Anthony LaRose wants guilty verdict in 2010 stabbings overturned.
Signs and exterior of the Vancouver Law Courts. - stock photos

A Surrey man who was found guilty in 2011 of slashing two other men across the face and throat is appealing his conviction.

In March 2011 Anthony Andrew LaRose was convicted by a jury of two counts of aggravated assault, two counts of assault with a weapon and one count of possessing a weapon. He was later sentenced to seven years in jail.

His appeal hearing was scheduled for today (Nov. 14) in the B.C. Court of Appeal in Vancouver.

LaRose's conviction followed an April 2010 incident involving Chris Hanna and Saul Marshall. During the trial, the court heard that the pair were returning from a night out when they stopped at a gas station near Fraser Highway and 156 Street. They heard a commotion outside and ran across the street because they claimed they saw a man hit a woman.

A fight broke out and the man, LaRose, pulled a knife on the two unarmed men, slashing Marshall's neck and slashing Hanna across the cheek and stabbing him three times in the gut.
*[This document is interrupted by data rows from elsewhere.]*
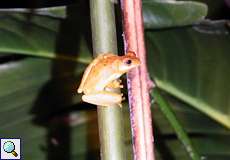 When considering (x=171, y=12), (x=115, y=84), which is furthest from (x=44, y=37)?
(x=115, y=84)

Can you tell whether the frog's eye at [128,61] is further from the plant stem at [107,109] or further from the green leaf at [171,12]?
the green leaf at [171,12]

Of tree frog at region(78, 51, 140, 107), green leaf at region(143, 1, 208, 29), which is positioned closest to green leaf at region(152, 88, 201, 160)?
green leaf at region(143, 1, 208, 29)

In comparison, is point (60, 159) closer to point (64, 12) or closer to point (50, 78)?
point (50, 78)

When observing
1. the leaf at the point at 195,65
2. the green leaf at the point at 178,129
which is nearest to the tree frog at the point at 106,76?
the green leaf at the point at 178,129

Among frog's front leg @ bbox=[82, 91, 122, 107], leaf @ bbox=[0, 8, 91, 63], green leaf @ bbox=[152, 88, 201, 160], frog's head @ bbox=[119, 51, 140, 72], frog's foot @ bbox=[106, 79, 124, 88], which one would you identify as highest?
leaf @ bbox=[0, 8, 91, 63]

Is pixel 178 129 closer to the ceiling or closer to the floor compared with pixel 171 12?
closer to the floor

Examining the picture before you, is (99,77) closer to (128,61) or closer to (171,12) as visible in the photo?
(128,61)

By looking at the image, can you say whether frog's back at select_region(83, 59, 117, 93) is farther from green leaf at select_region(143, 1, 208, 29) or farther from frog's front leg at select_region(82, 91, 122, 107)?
green leaf at select_region(143, 1, 208, 29) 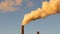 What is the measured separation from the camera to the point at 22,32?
1798 centimetres

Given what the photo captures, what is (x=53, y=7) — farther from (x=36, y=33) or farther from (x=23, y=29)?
(x=36, y=33)

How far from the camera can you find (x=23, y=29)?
18062 mm

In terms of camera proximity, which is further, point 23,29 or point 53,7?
point 23,29

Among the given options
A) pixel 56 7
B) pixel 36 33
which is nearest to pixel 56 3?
pixel 56 7

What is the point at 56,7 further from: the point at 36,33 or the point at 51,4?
the point at 36,33

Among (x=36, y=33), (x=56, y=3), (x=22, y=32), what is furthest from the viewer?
(x=36, y=33)

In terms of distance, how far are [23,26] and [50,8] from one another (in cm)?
392

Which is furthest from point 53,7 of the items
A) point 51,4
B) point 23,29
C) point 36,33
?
point 36,33

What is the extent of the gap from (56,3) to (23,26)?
473 cm

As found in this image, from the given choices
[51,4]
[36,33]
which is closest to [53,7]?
[51,4]

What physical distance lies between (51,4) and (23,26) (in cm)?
418

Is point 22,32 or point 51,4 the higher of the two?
point 51,4

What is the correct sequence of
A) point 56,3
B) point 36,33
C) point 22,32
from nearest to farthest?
point 56,3, point 22,32, point 36,33

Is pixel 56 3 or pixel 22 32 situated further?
pixel 22 32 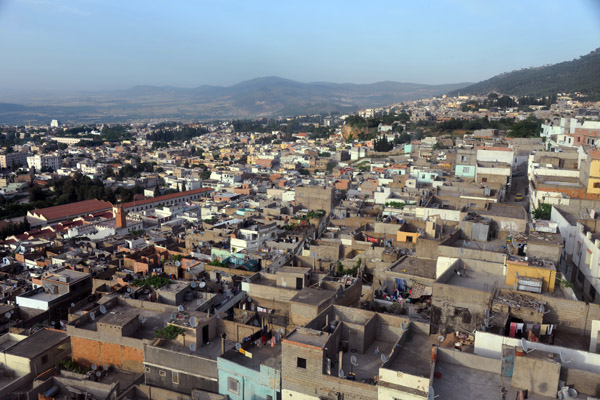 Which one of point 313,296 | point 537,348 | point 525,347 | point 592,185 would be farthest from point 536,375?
point 592,185

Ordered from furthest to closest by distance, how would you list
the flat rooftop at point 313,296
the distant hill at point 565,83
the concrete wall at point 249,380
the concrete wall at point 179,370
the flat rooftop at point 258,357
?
1. the distant hill at point 565,83
2. the flat rooftop at point 313,296
3. the concrete wall at point 179,370
4. the flat rooftop at point 258,357
5. the concrete wall at point 249,380

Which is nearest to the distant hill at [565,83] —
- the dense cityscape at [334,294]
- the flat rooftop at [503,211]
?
the dense cityscape at [334,294]

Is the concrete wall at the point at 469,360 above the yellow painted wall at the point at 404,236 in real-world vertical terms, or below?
above

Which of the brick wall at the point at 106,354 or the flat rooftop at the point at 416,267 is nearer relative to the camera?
the brick wall at the point at 106,354

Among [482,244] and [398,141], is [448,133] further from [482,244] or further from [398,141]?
[482,244]

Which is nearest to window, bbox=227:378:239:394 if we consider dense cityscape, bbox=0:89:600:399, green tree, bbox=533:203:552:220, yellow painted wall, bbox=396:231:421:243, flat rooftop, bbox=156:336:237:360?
dense cityscape, bbox=0:89:600:399

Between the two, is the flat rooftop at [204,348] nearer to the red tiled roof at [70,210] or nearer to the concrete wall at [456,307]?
the concrete wall at [456,307]

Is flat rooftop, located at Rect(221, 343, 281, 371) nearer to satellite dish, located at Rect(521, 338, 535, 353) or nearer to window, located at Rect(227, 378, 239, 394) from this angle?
window, located at Rect(227, 378, 239, 394)

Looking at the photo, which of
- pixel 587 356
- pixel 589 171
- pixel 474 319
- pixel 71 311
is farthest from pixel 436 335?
pixel 589 171

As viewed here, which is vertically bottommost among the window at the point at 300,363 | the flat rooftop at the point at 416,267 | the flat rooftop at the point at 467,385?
the flat rooftop at the point at 416,267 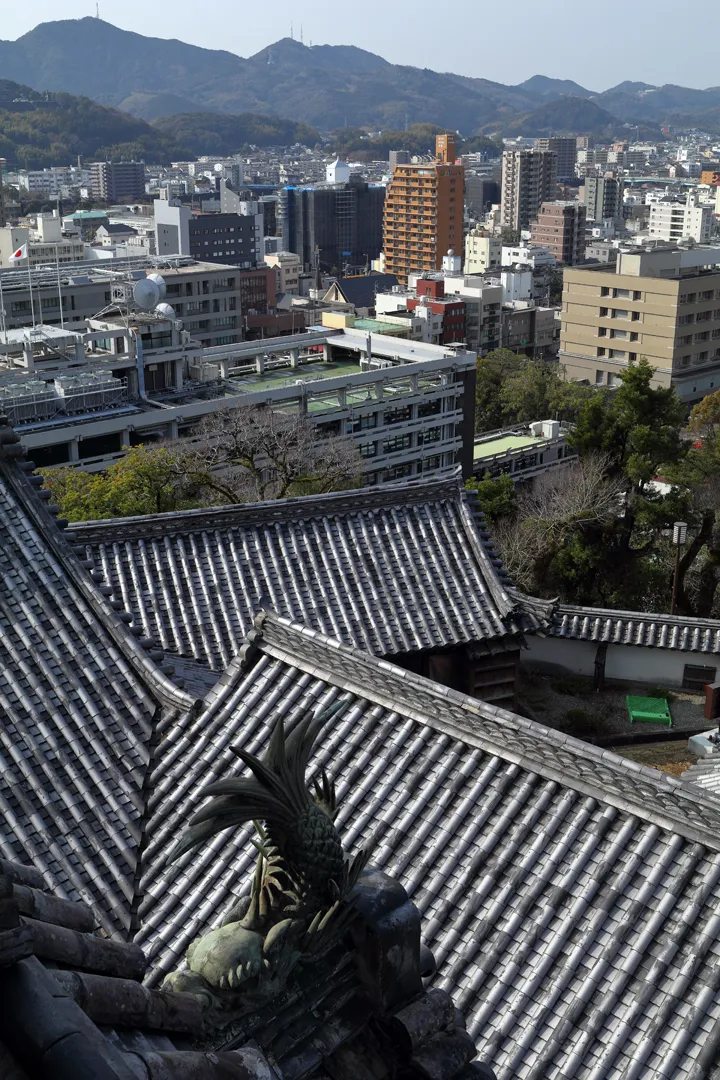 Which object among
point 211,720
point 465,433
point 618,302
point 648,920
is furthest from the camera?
point 618,302

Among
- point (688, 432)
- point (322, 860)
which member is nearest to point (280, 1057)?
point (322, 860)

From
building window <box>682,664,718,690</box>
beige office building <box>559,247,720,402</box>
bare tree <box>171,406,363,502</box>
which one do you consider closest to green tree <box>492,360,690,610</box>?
bare tree <box>171,406,363,502</box>

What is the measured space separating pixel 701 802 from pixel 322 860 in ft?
15.6

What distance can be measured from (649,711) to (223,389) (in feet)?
171

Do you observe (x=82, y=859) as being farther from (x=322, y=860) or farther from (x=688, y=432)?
(x=688, y=432)

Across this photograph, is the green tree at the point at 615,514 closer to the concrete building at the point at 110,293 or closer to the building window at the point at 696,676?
the building window at the point at 696,676

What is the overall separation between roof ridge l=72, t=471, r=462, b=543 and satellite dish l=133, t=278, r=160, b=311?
213 feet

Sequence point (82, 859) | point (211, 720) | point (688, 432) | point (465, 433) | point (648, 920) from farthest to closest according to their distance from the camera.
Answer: point (465, 433) → point (688, 432) → point (211, 720) → point (82, 859) → point (648, 920)

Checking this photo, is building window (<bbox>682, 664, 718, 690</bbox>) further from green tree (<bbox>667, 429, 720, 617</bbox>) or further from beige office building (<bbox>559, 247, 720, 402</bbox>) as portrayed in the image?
beige office building (<bbox>559, 247, 720, 402</bbox>)

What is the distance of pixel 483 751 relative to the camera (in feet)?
40.5

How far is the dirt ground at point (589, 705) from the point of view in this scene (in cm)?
2764

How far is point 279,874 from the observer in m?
8.03

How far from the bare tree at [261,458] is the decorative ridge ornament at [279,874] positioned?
28.7 metres

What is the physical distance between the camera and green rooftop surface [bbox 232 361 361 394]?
75.1 m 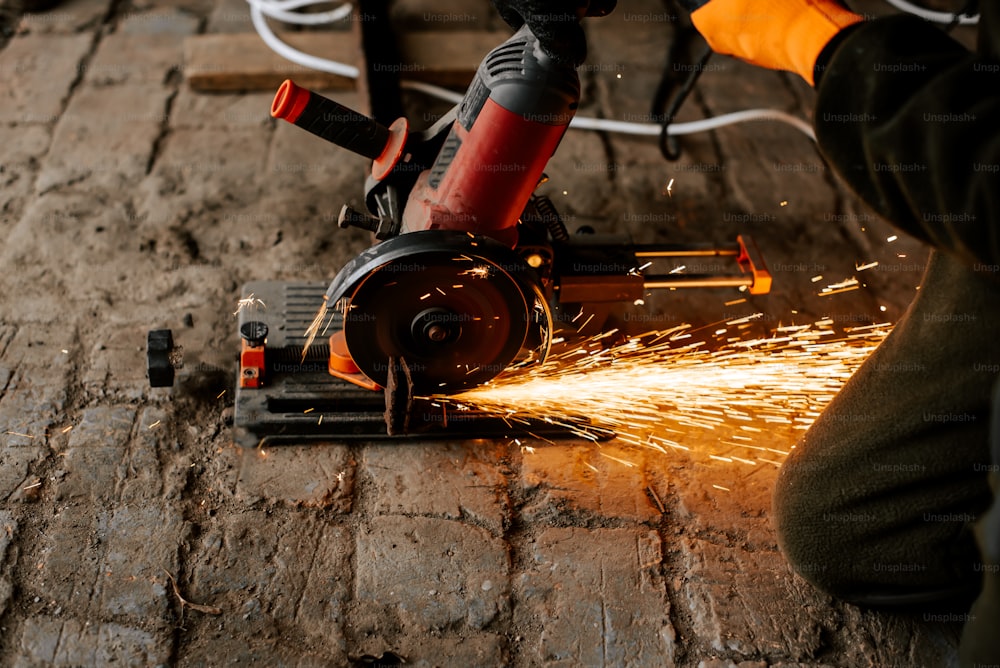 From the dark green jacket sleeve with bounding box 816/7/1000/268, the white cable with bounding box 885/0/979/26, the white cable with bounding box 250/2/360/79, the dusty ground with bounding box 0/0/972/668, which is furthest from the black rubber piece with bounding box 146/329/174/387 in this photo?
the white cable with bounding box 885/0/979/26

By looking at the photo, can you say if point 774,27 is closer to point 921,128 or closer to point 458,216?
point 921,128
They both suffered massive blood loss, but survived. LaRose, who admittedly has an extensive criminal record, then fled the scene.

During sentencing B.C. Supreme Court Justice Neill Brown called the pair's injuries "unequivocally life threatening" and LaRose's response "savage."

LaRose, who is now 22, never denied stabbing the men, but claimed he did it in self-defence because the two men attacked him.